Because the pictures are not wanted, give back only the exact text of every entry below.

────────

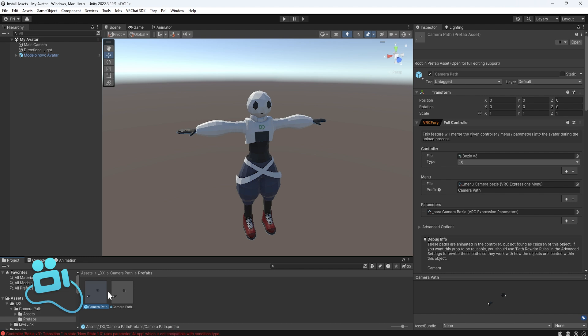If you want the camera path to only show for you and you don't care about Live Link, Camera Path prefab is the asset for you because it doesn't use any parameters. If you want that, just drag and drop.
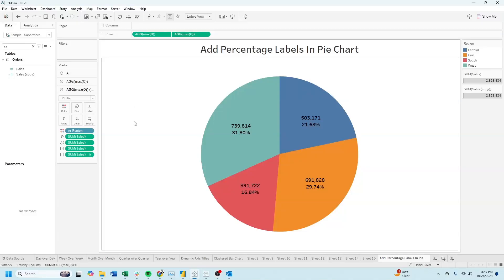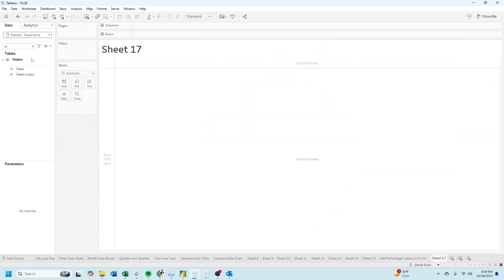Welcome to Interactive Training. In this session, we'll take a look at how to add labels and percentage labels in a pie chart. As a bonus, I'll show you how to put them inside the chart on a new sheet.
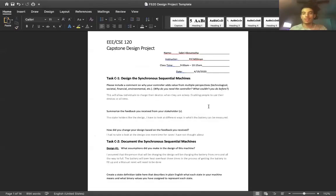Hi, this is Sabri Alvinoza. Today I'm going to be going over my capstone project and the design process.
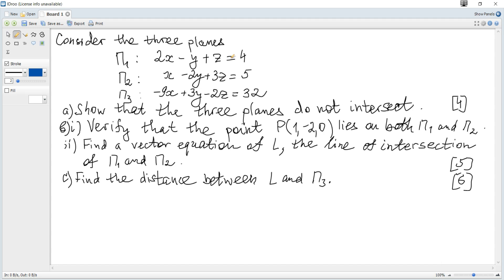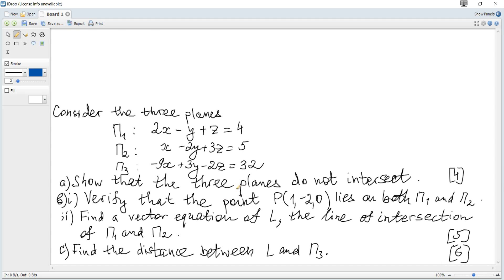The three planes do not intersect, meaning there is no single point at which all three planes intersect, and therefore no unique solution to these simultaneous equations. To show this, we solve the simultaneous equations and consider the augmented matrix of coefficients.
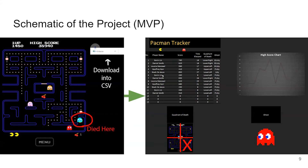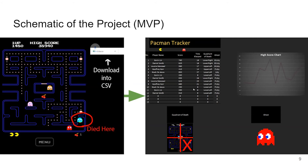For the MVP, once you collide with a ghost — in this case Inky — the player would have already entered their name, and a CSV file gets downloaded straight to their browser. You then import this file to Excel, and assuming you have a lot of data, it gets imported at a steady rate, including attributes like time elapsed, quadrant of death, ghost, and such.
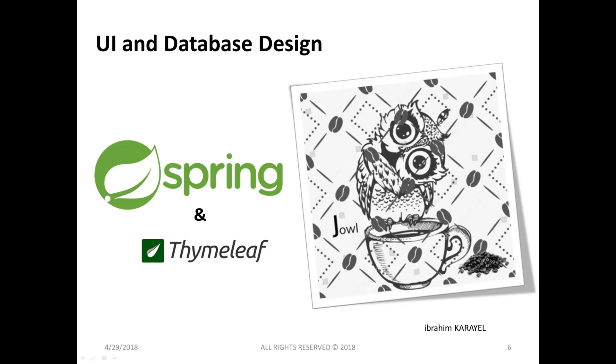Hi everyone, before starting I want to show you the UI and database design. Our application is a to-do list application. We will insert, delete, and update tasks. Before this, we must register and log in the system. Let's open our doc file.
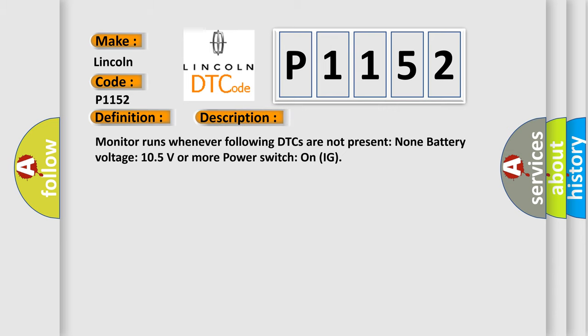Monitor runs whenever following DTCs are not present: None. Battery voltage 10.5 volts or more power. Switch on IG.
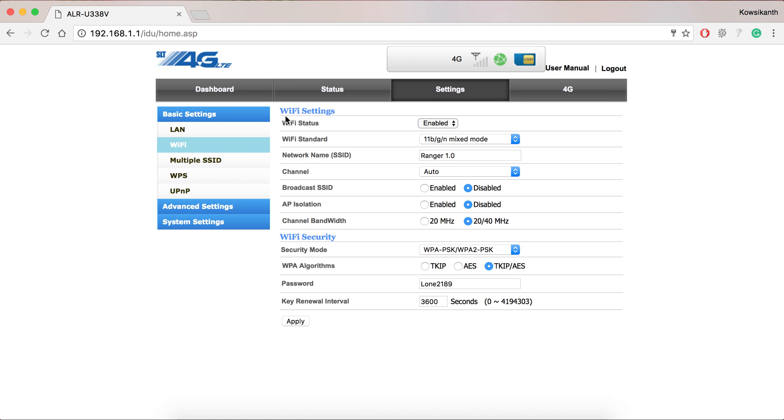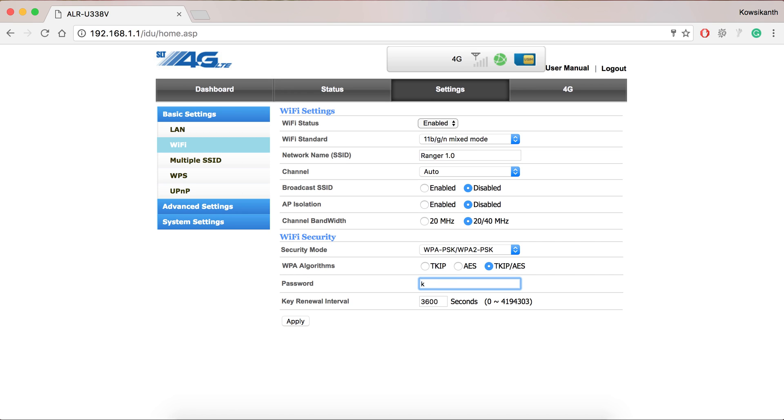You can set many Wi-Fi settings here. As we are going to set the Wi-Fi security, that is Wi-Fi password, we have to go to Wi-Fi security tab and in the password type your password like LKpedia or whatever you like. And then click apply.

────────

EXERCISE RESULT:
If you want the camera path to only show for you and you don't care about Live Link, Camera Path prefab is the asset for you because it doesn't use any parameters. If you want that, just drag and drop.
Welcome to Interactive Training. In this session, we'll take a look at how to add labels and percentage labels in a pie chart. As a bonus, I'll show you how to put them inside the chart on a new sheet.
Hi, this is Sabri Alvinoza. Today I'm going to be going over my capstone project and the design process.
The three planes do not intersect, meaning there is no single point at which all three planes intersect, and therefore no unique solution to these simultaneous equations. To show this, we solve the simultaneous equations and consider the augmented matrix of coefficients.
For the MVP, once you collide with a ghost — in this case Inky — the player would have already entered their name, and a CSV file gets downloaded straight to their browser. You then import this file to Excel, and assuming you have a lot of data, it gets imported at a steady rate, including attributes like time elapsed, quadrant of death, ghost, and such.
Hi everyone, before starting I want to show you the UI and database design. Our application is a to-do list application. We will insert, delete, and update tasks. Before this, we must register and log in the system. Let's open our doc file.
Monitor runs whenever following DTCs are not present: None. Battery voltage 10.5 volts or more power. Switch on IG.
You can set many Wi-Fi settings here. As we are going to set the Wi-Fi security, that is Wi-Fi password, we have to go to Wi-Fi security tab and in the password type your password like LKpedia or whatever you like. And then click apply.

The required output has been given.